EYES WIDE OPEN - Iris Gonzales (The Philippine Star) - December 9, 2019 - 12:00am

Curtains close. Kisses end. The music stops. 

In the case of ABS-CBN, it’s all these and more, if President Duterte has his way.

Will the broadcast giant shut down? Will the klieg lights disappear? Will the celebrities lose their lustre? Will we have nothing but dead air on ABS-CBN’s broadcast channels?

In Duterte’s Philippines, you never really know what’s going to happen or who will be at the receiving end of his anti-oligarch rant or outburst.

For now, what is clear is that he wants ABS-CBN out.

“I will see to it that you’re out,” says an angry Duterte, claiming that the Lopez-owned network did not air his political ads in 2016.

Sure, ABS-CBN isn’t perfect. One can’t count the times it aired nonsense over more important social issues or when it spent crucial primetime slots for soap operas that did nothing to educate or elevate the consciousness of Filipinos.

But imperfect as it is, ABS-CBN’s role as a watchdog in our society cannot be ignored.

Through different administrations, the media giant, together with other news outfits, has played an important role in guarding our democracy. 

I therefore strongly believe that no broadcaster or media entity should have to go through what ABS-CBN is supposedly going through now.

Congressional approval

This brings us to the root cause of the issue then – congressional approval for a franchise.

Why should a media outfit’s continued operation need the approval of people in Congress, especially now when Congress is dominated by Malacanang’s allies?

Under Philippine laws, commercial broadcasting corporations have to secure a legislative franchise to be able to operate. 

Such franchise is granted in the form of a law and enacted in the same way as other laws in the Philippines – through Congress and if approved, it goes to the President for final approval.

According to the Center for Media Freedom and Responsibility, in the US, applications for the operation of  broadcast stations is relatively easier because only the independent Federal Communications Commission is responsible for granting operation permits and renewing licenses. 

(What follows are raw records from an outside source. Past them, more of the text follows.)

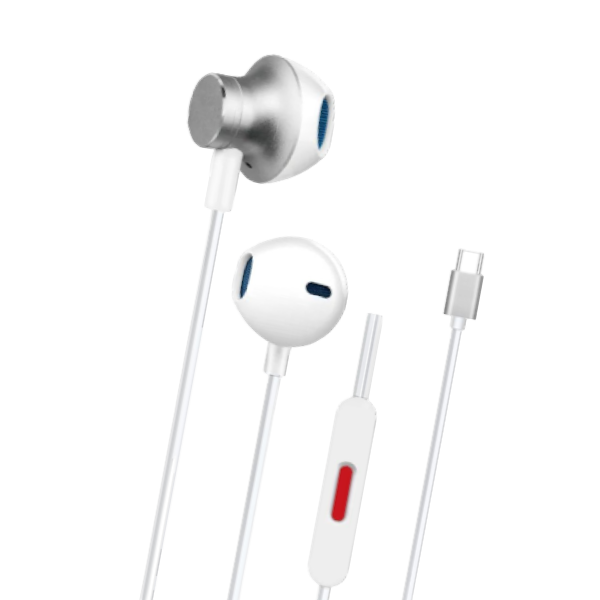 KIN - K-807 - Type-C Wired Earphones With Enhanced Bass and Sound-Black/Red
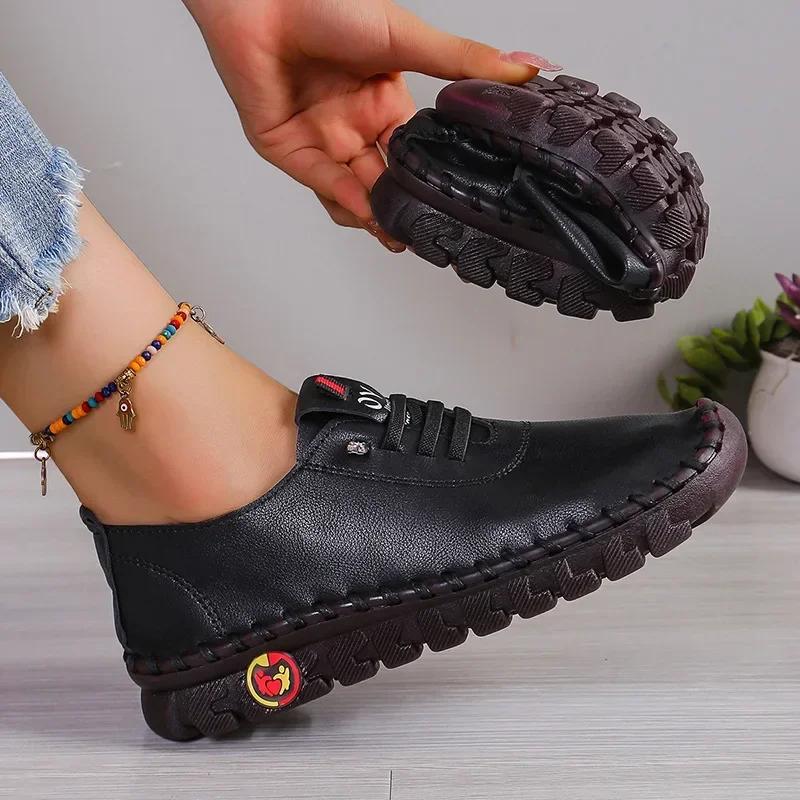New Women's Handmade Flat Sneakers Comfortable Slip On Lace Up Round Toe Shoes Hand Sewing Thread Mom Shoes Zapatillas De Mujer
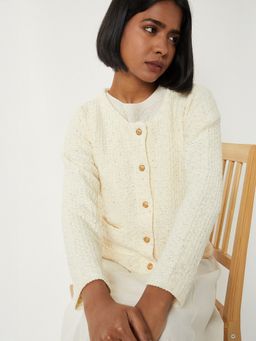 max - Women Cream Shimmery Cardigan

In contrast, broadcasting companies in the Philippines need to go through Congress for their franchise to operate.

But what if, as in the case of ABS-CBN, the President does not want Congress to grant the media giant the franchise to operate?

Will Congress act independently or will it be just a rubber stamp Congress?

It is time to revisit this provision in our Constitution because it is prone to abuse. 

Why, I wonder, should the right to a free press be left in the hands of lawmakers who react adversely to critical media coverage?

Indeed, a media entity must be free to operate and should not be at the mercy of an administration that does not welcome critical or independent reporting.

Let us not forget that the press is important in a democracy, especially in this age of fake news and disinformation.

A lot can still happen between now and March 2020. 

The weather may still change and ABS-CBN may still have the last laugh.

But in the end, if ABS-CBN really loses its franchise, things will change for the media giant but only for a while.

I am sure the Lopez Group, always a formidable force, will not allow a repeat of 1972 when the late strongman Ferdinand Marcos ordered the shutdown of ABS-CBN and other media entities.

ABS-CBN will find ways to stay alive and relevant.

It is, therefore, wrong for any administration, here or abroad, to think that it can silence the press especially in this age of internet and smart phones.

One must remember, for instance, that the Hong Kong protests spread fast because of social media.

ABS-CBN may disappear from the airwaves,  but it will certainly not cower in fear and fade in oblivion.

And this is what the different administrations – one after another – keep on forgetting:

That the press in this chaotic republic will continue to hold the line.  

And difficult as it is, the men and women in the newsrooms and in the beat will keep the flames of journalism in this country alive and burning – fierce, strong and intense.